**Your objective:**
Your answer must be an exact copy of the records, with no pictures included.

------ Given records

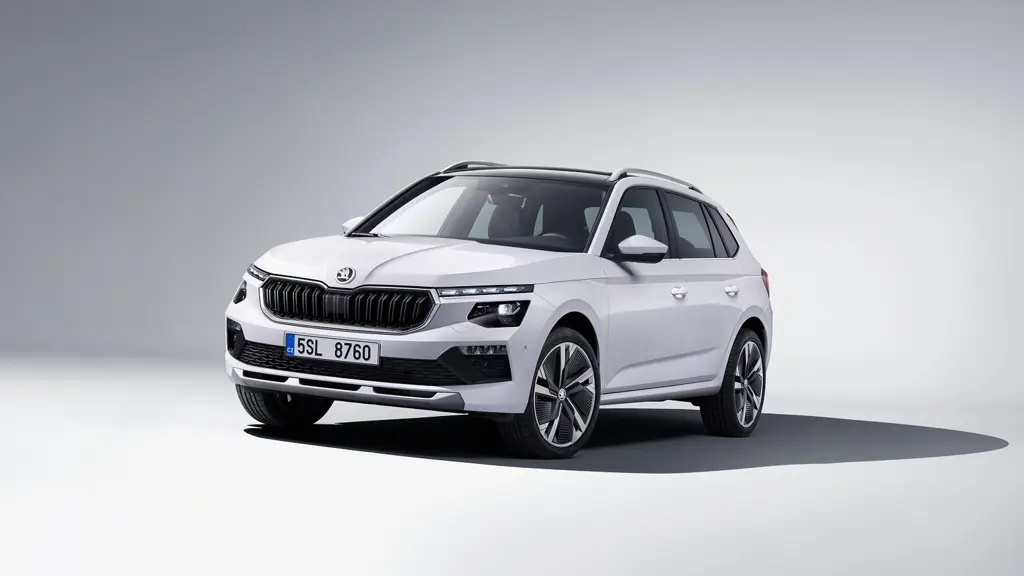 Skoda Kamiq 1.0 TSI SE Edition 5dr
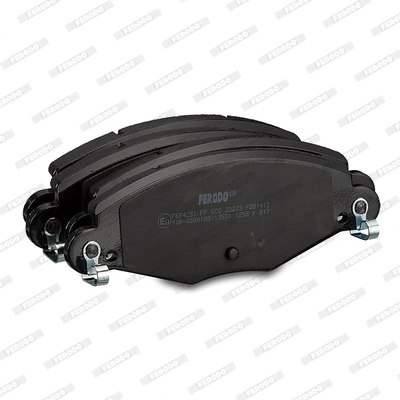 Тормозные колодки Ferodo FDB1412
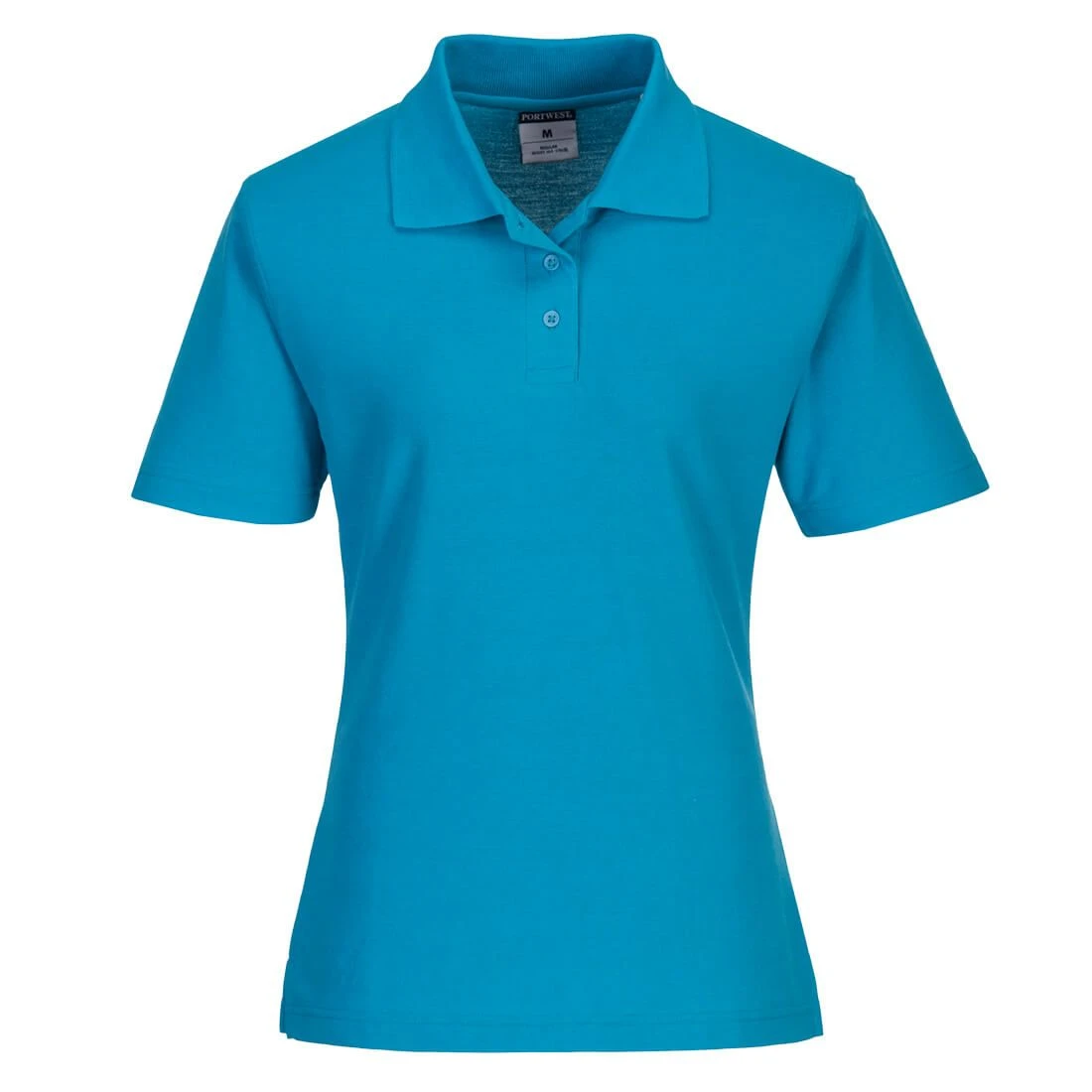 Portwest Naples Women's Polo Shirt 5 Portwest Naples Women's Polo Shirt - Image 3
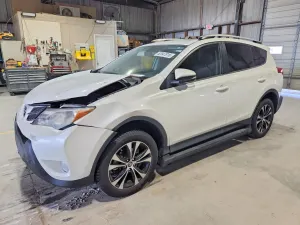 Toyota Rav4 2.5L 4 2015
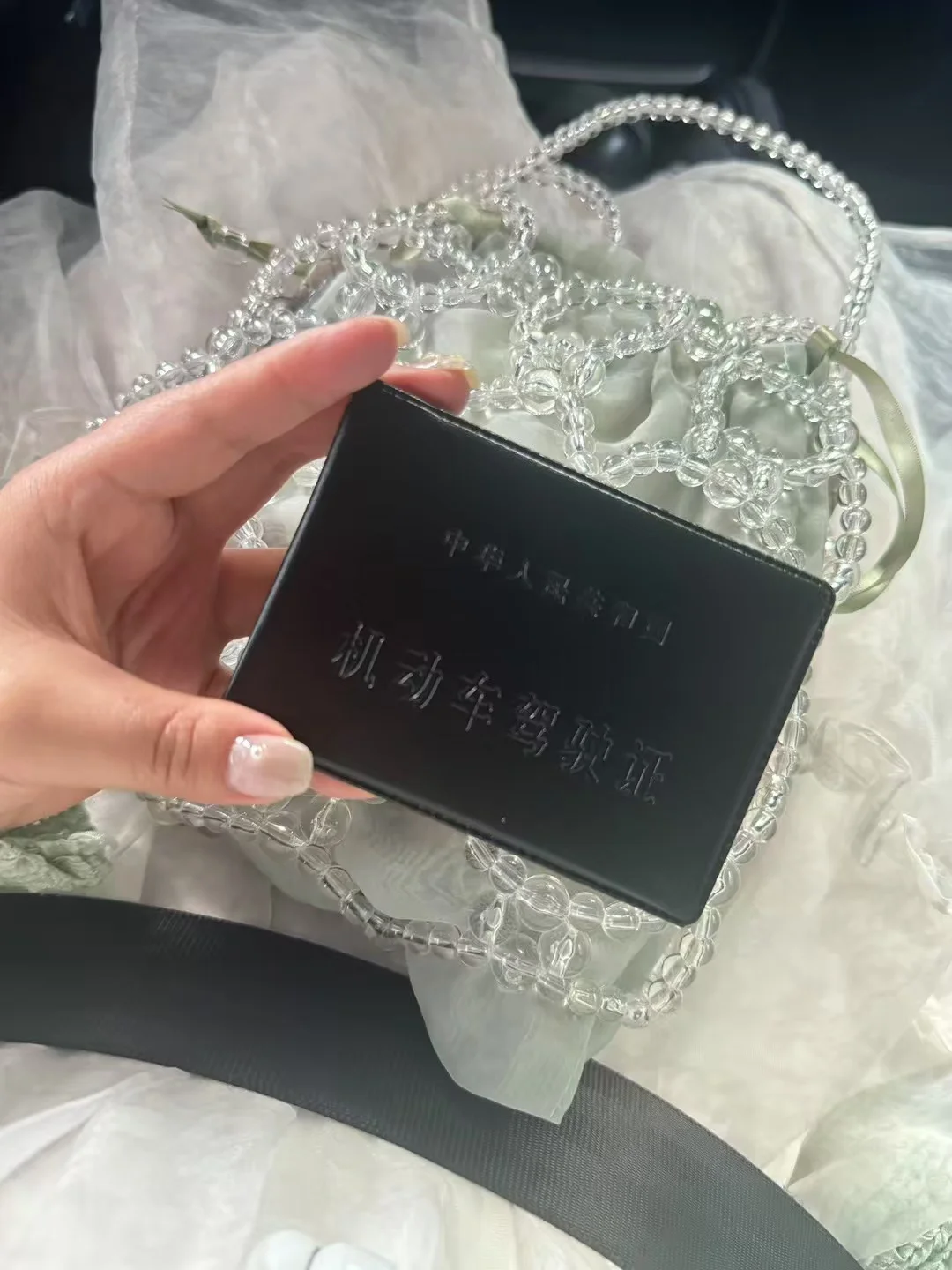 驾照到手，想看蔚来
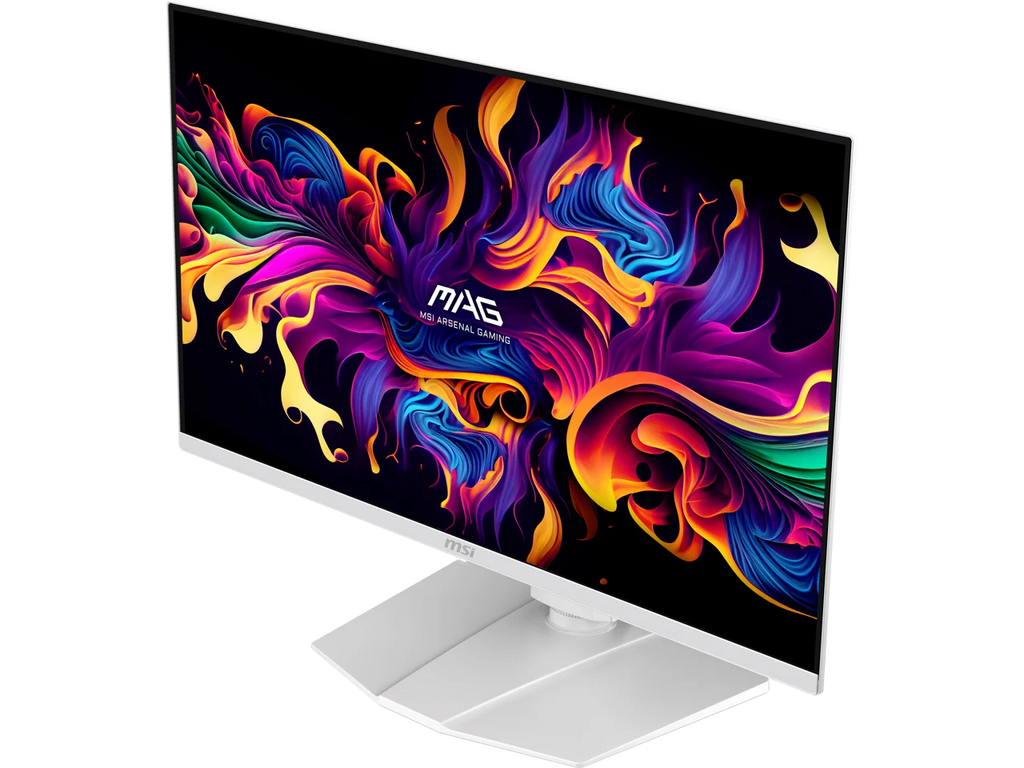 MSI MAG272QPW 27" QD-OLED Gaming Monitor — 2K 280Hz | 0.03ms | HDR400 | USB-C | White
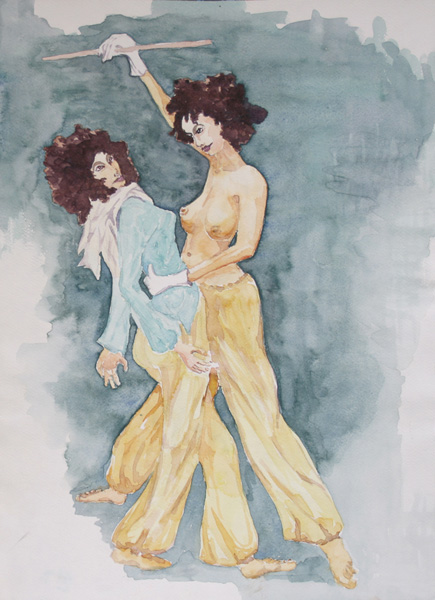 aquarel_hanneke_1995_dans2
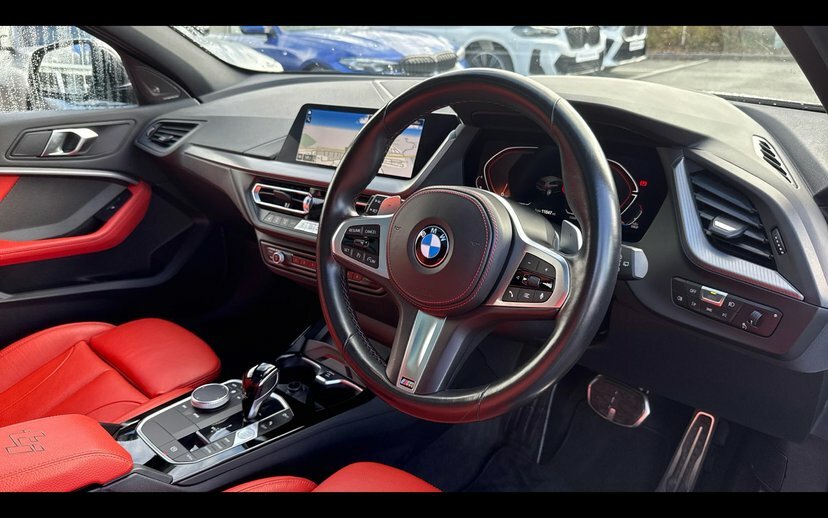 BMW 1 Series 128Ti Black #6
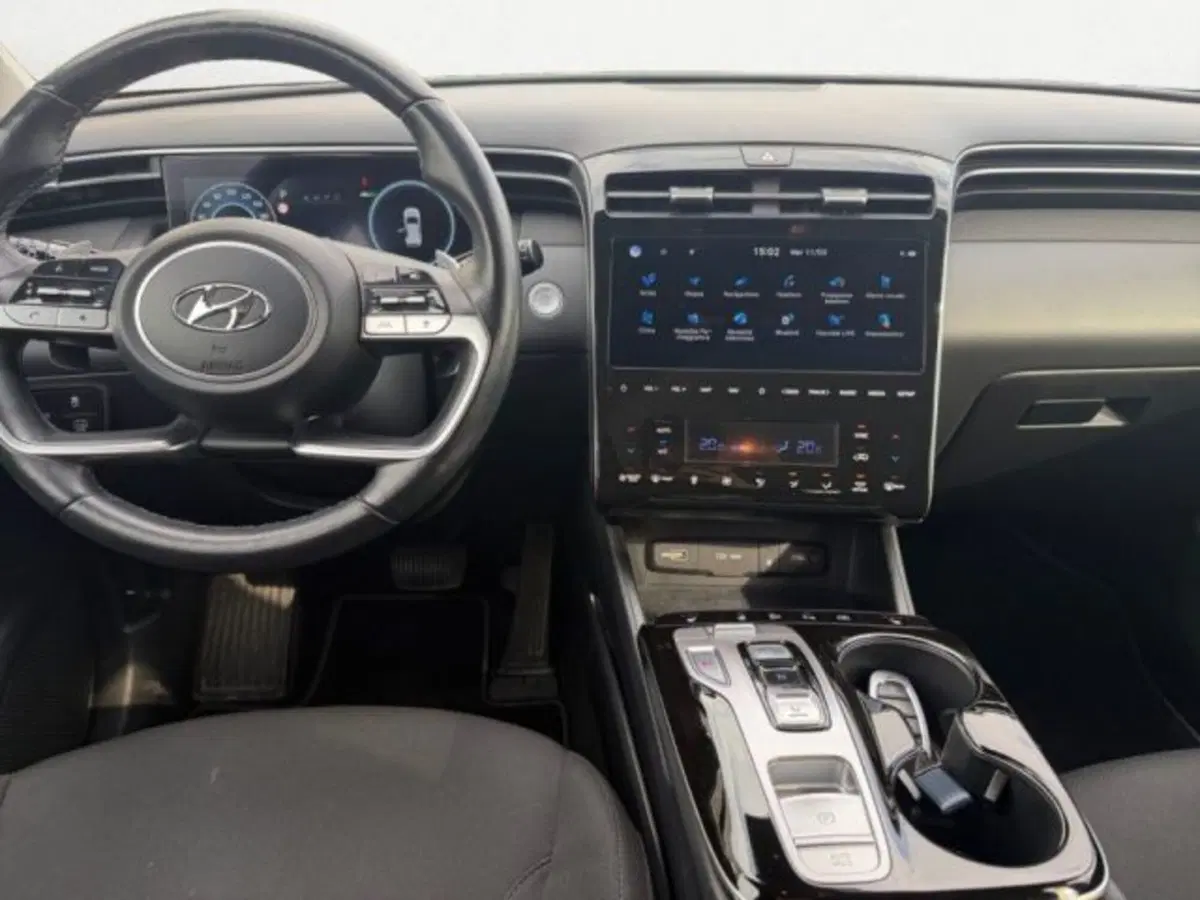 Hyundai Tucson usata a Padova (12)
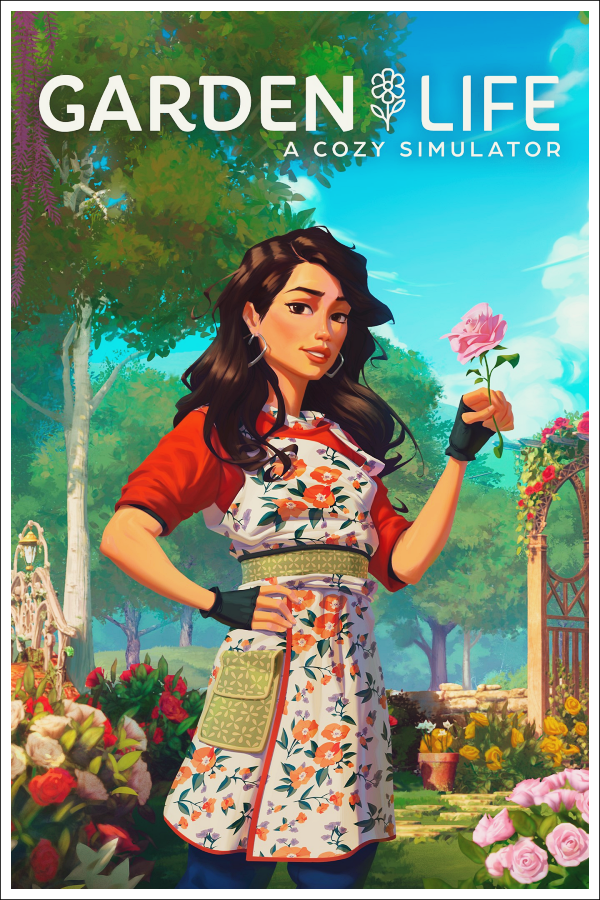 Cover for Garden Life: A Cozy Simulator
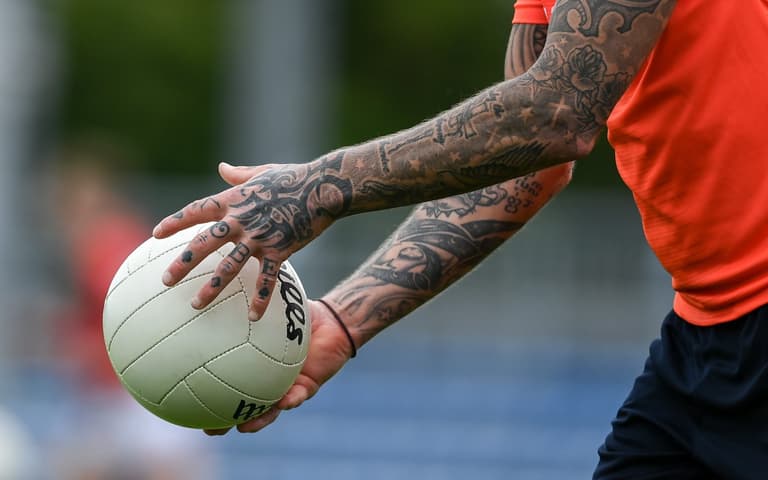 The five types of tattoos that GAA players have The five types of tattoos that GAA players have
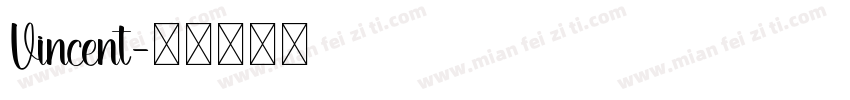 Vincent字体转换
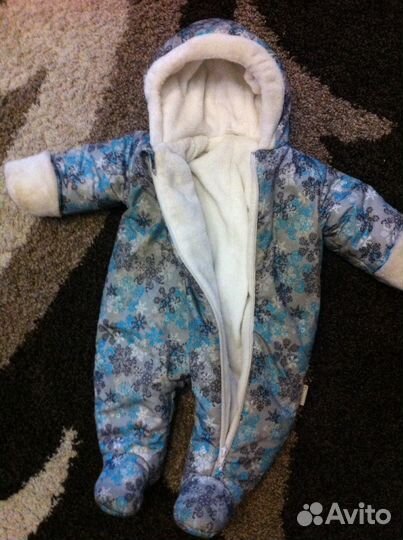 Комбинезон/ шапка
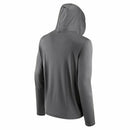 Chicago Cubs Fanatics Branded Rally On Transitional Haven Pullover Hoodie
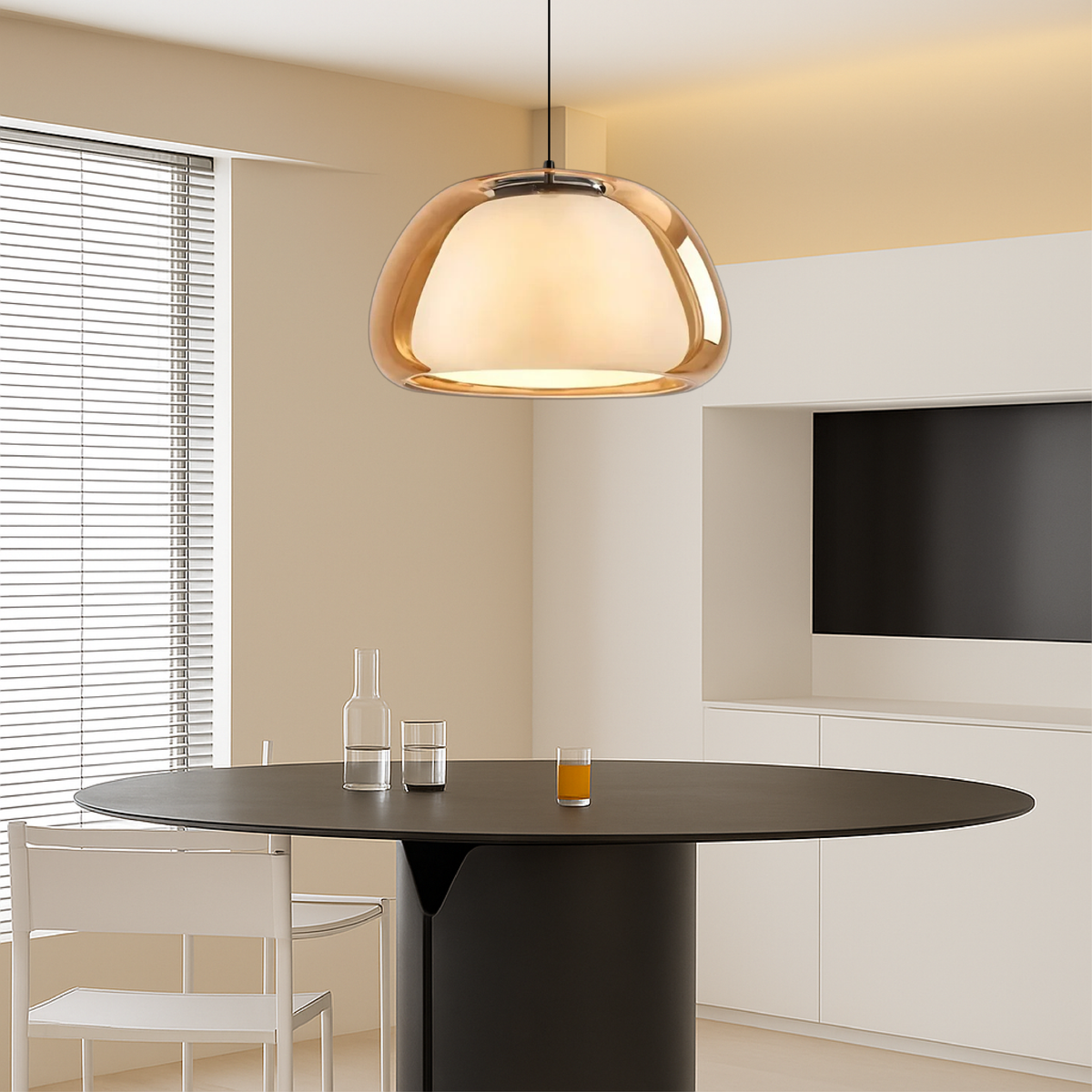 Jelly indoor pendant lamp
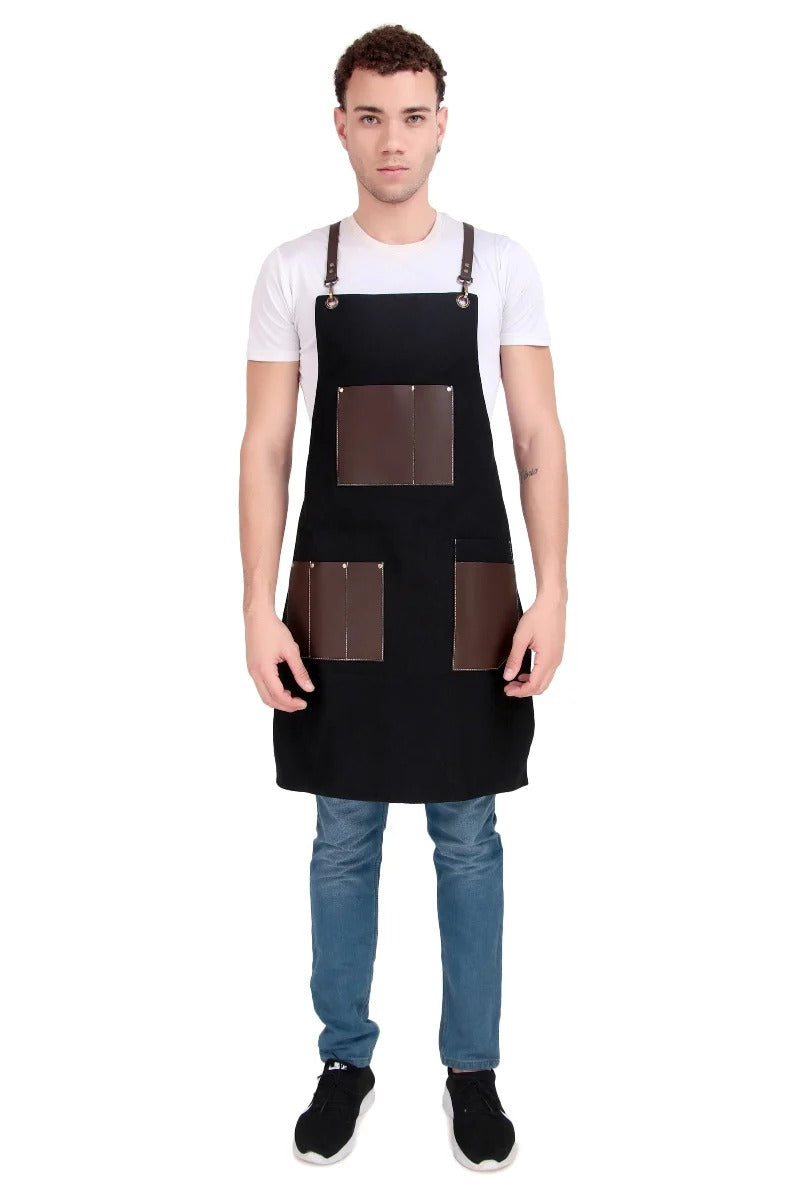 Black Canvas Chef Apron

------------

**Expected answer:**
 Skoda Kamiq 1.0 TSI SE Edition 5dr
 Тормозные колодки Ferodo FDB1412
 Portwest Naples Women's Polo Shirt 5 Portwest Naples Women's Polo Shirt - Image 3
 Toyota Rav4 2.5L 4 2015
 驾照到手，想看蔚来
 MSI MAG272QPW 27" QD-OLED Gaming Monitor — 2K 280Hz | 0.03ms | HDR400 | USB-C | White
 aquarel_hanneke_1995_dans2
 BMW 1 Series 128Ti Black #6
 Hyundai Tucson usata a Padova (12)
 Cover for Garden Life: A Cozy Simulator
 The five types of tattoos that GAA players have The five types of tattoos that GAA players have
 Vincent字体转换
 Комбинезон/ шапка
 Chicago Cubs Fanatics Branded Rally On Transitional Haven Pullover Hoodie
 Jelly indoor pendant lamp
 Black Canvas Chef Apron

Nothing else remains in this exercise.